(Dataset extract Opens)
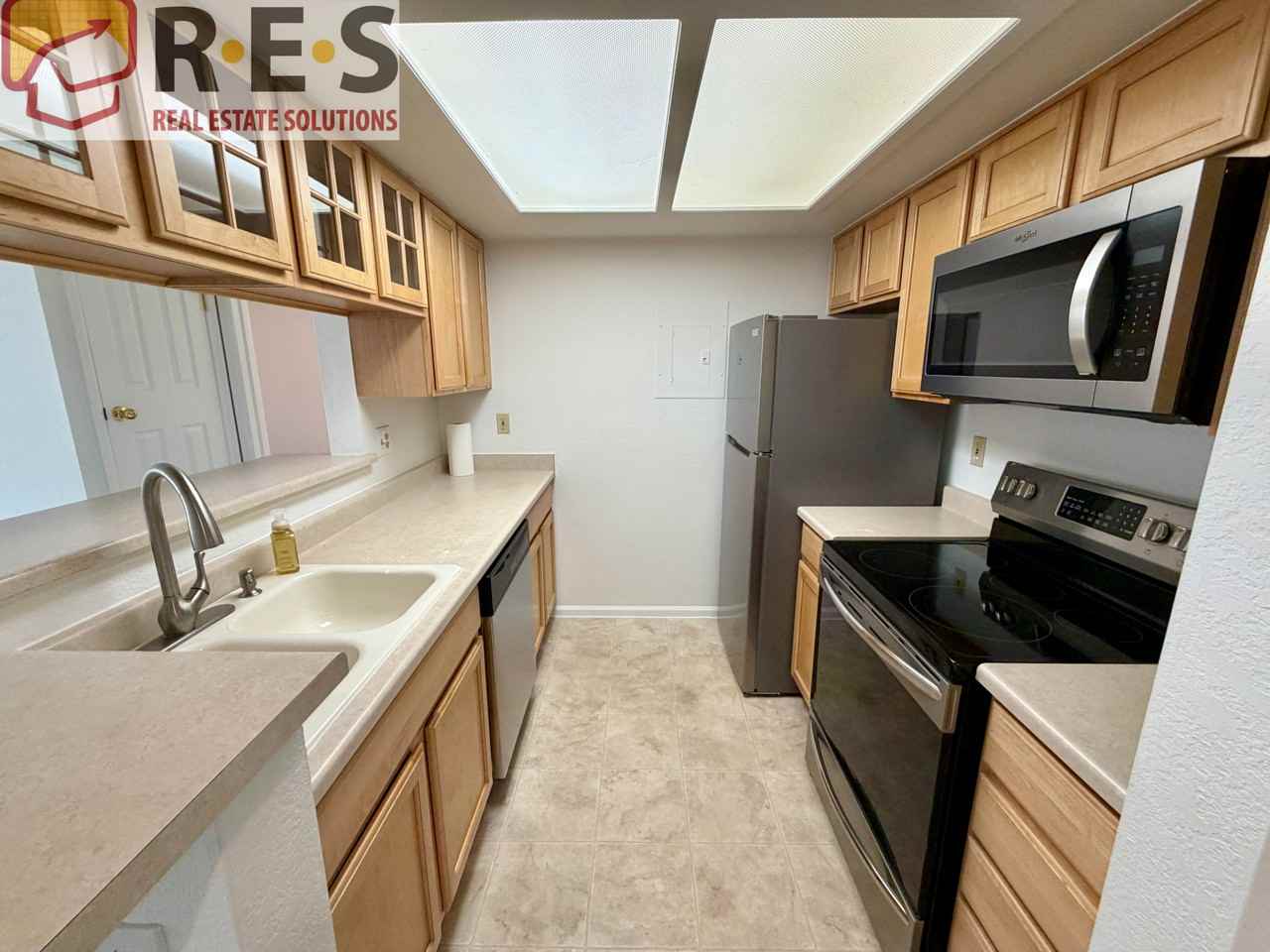 9273 E Arbor Cir #F - Photo 2 of 12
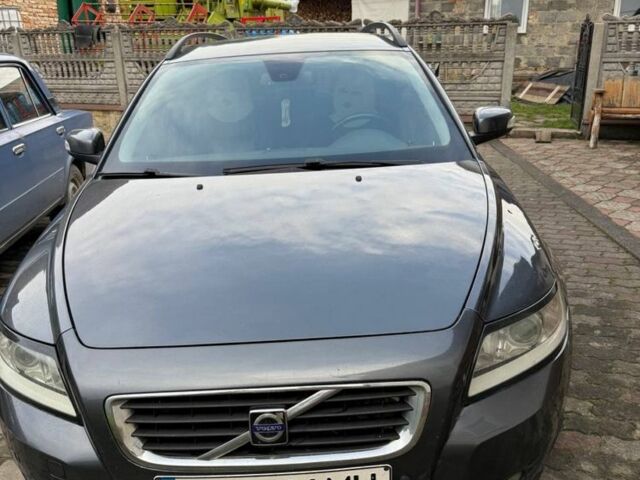 Вольво В50 2009 в Львове на Automoto.ua Серый Вольво В50, объемом двигателя 1.6 л и пробегом 240 тыс. км за 5500 $, фото 1 на Automoto.ua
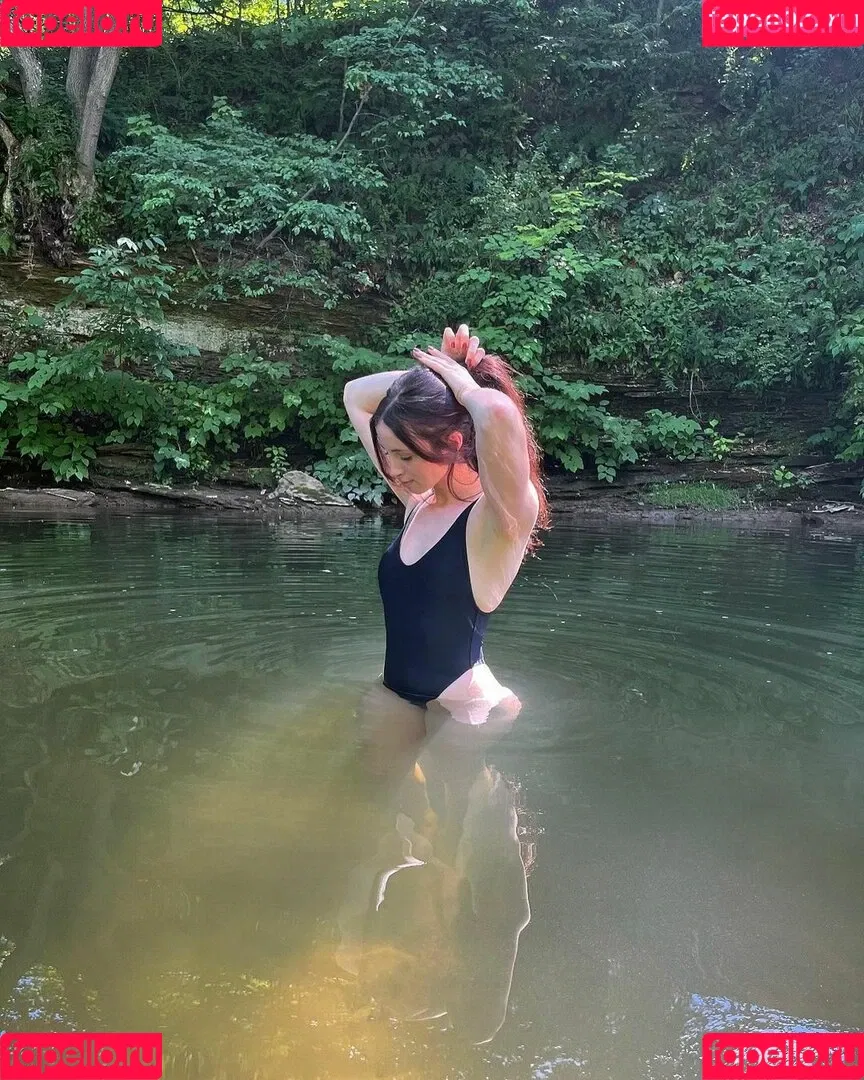 Liv Littlelivbug Onlyfans Photo Gallery 
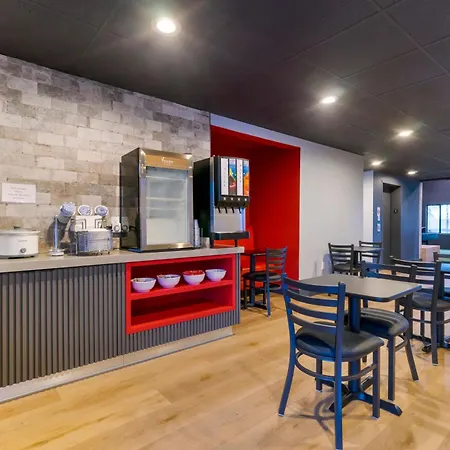 Spot X Hotel Tampa - Wesley Chapel By The Red Collection-2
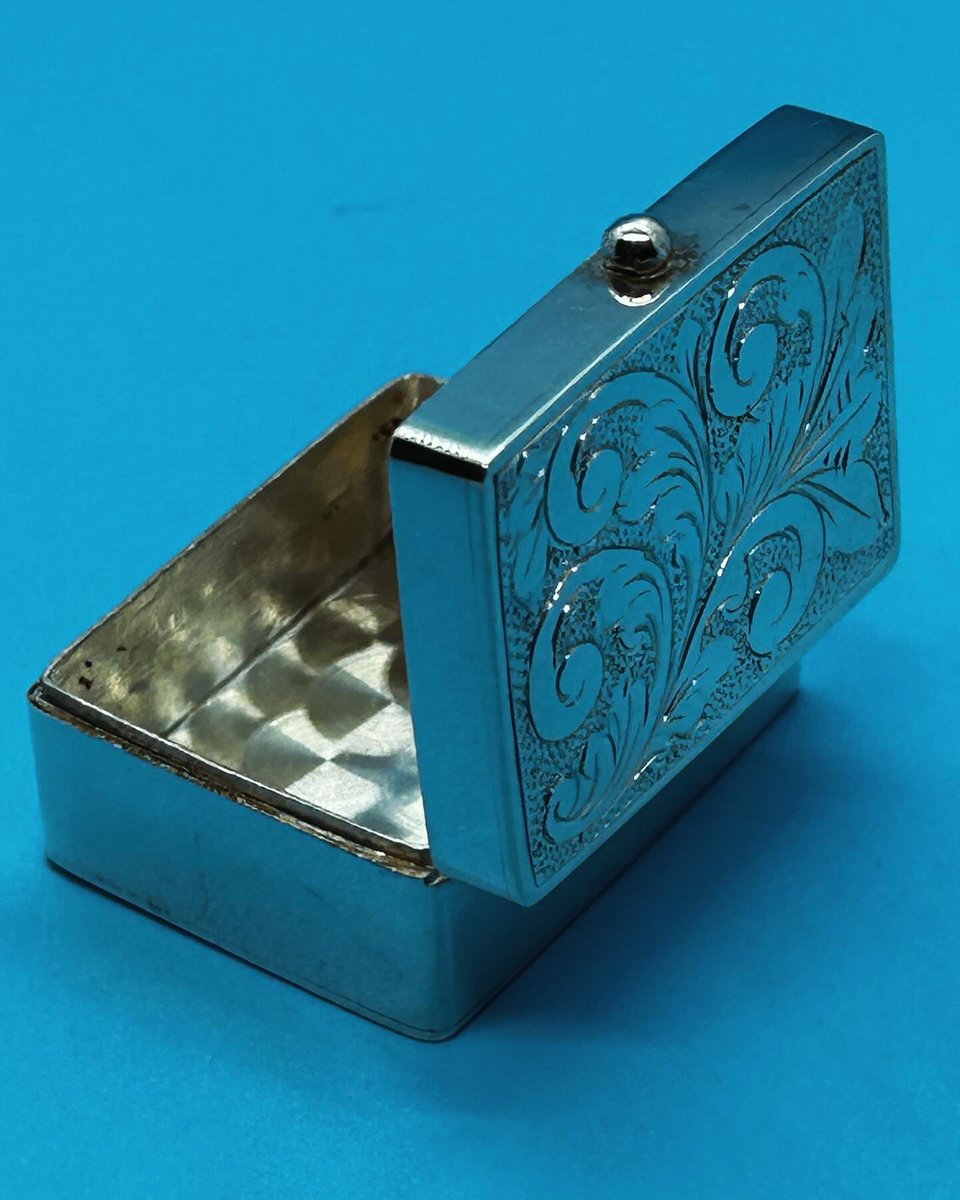 HTNantiques's tweet image. Good evening to all at the #vintageshowandsell - a gorgeous new addition! #solidsilver #pillbox or #snuffbox in IMMACULATE condition! A huge variety of #antique #vintage and #retro #silver #ceramic #glass and more! 

happinessnostalgia.etsy.com

#MHHSBD #antiques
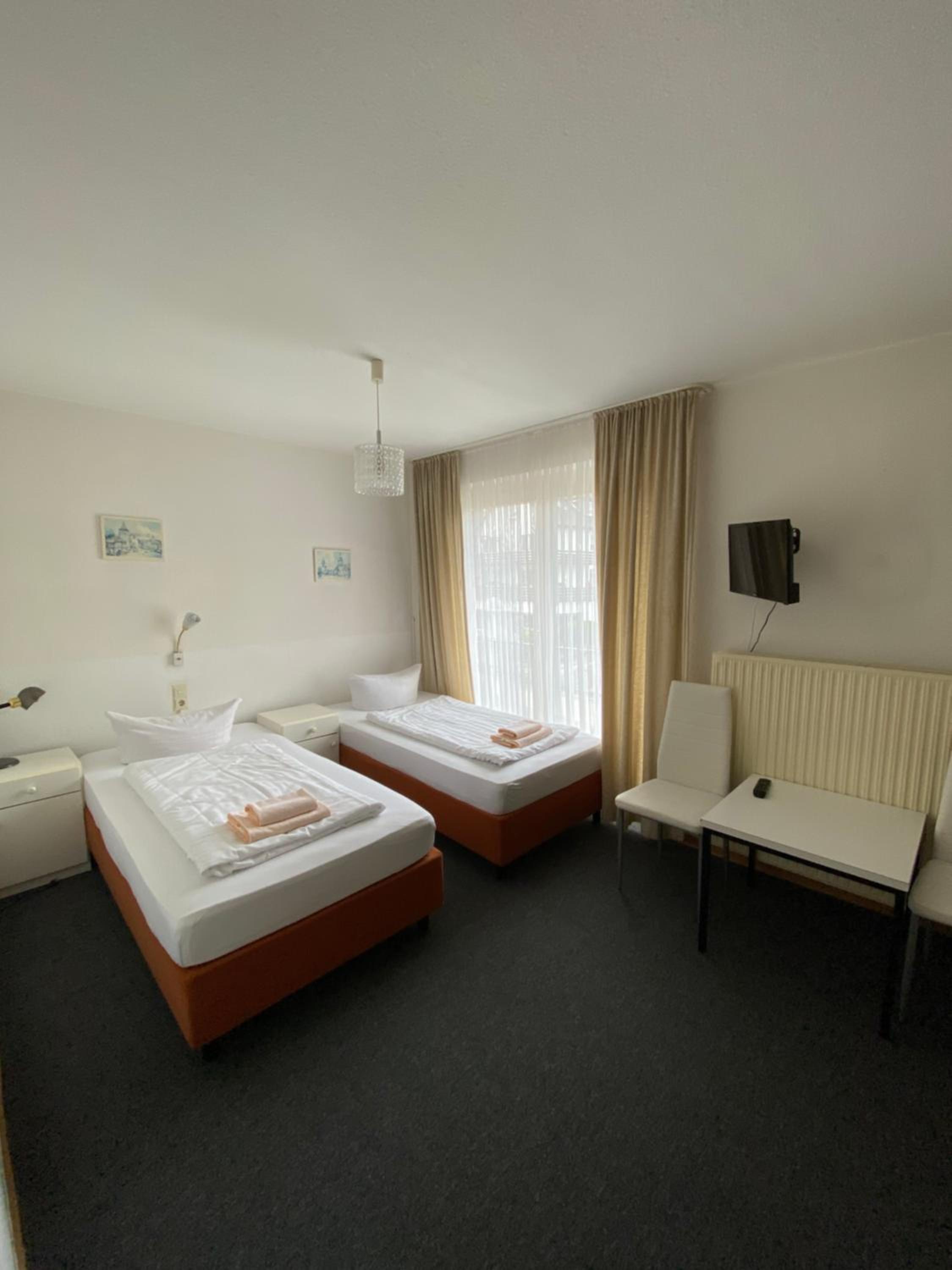 Single Room photo 2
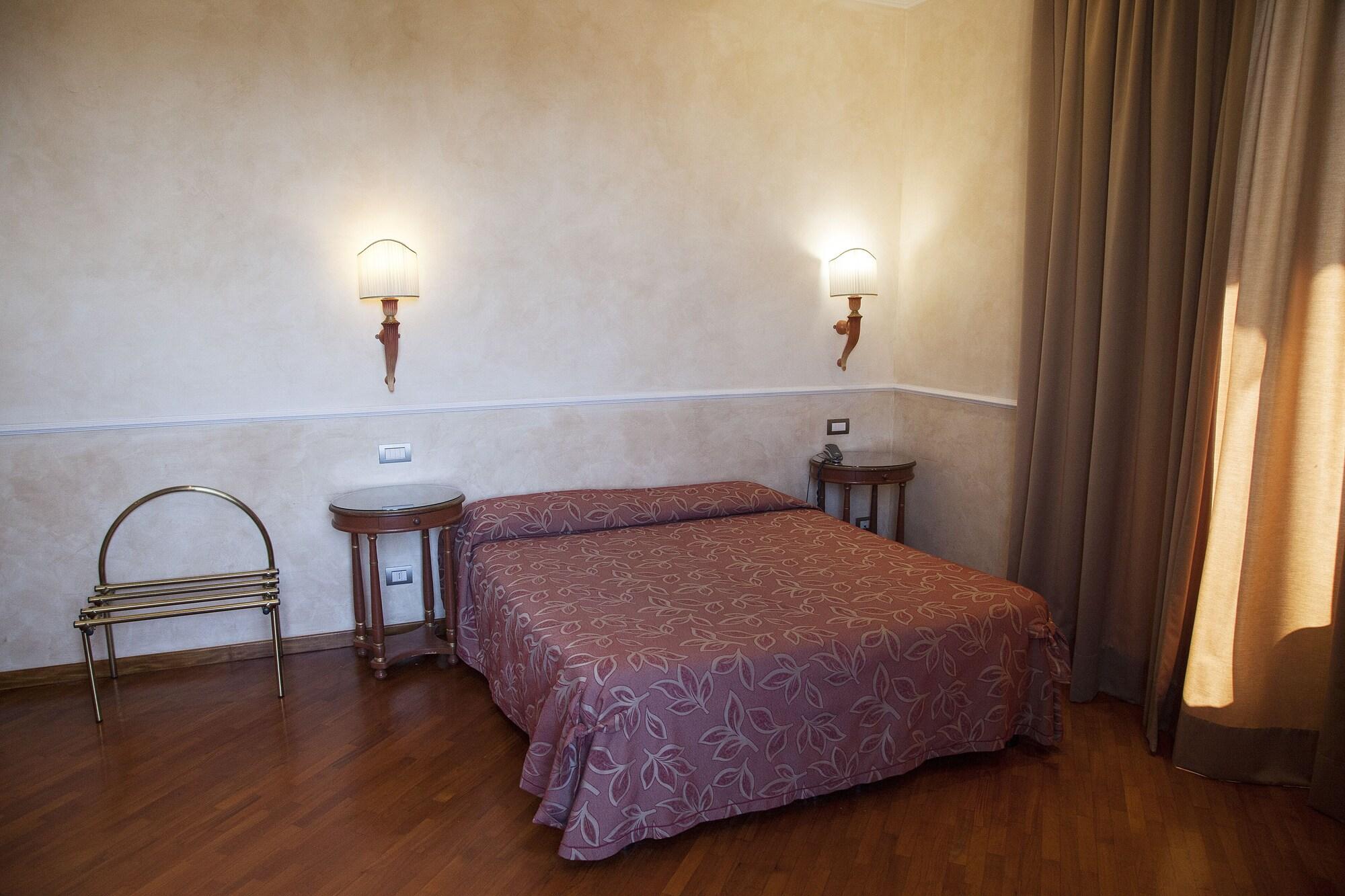 Hotel Aurora Florencja Zewnętrze zdjęcie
(Dataset extract Closes)
**What you are asked to do:** What you give back must be the data above, reproduced exactly and free of pictures.

**Answer space:**
 9273 E Arbor Cir #F - Photo 2 of 12
 Вольво В50 2009 в Львове на Automoto.ua Серый Вольво В50, объемом двигателя 1.6 л и пробегом 240 тыс. км за 5500 $, фото 1 на Automoto.ua
 Liv Littlelivbug Onlyfans Photo Gallery 
 Spot X Hotel Tampa - Wesley Chapel By The Red Collection-2
 HTNantiques's tweet image. Good evening to all at the #vintageshowandsell - a gorgeous new addition! #solidsilver #pillbox or #snuffbox in IMMACULATE condition! A huge variety of #antique #vintage and #retro #silver #ceramic #glass and more! 

happinessnostalgia.etsy.com

#MHHSBD #antiques
 Single Room photo 2
 Hotel Aurora Florencja Zewnętrze zdjęcie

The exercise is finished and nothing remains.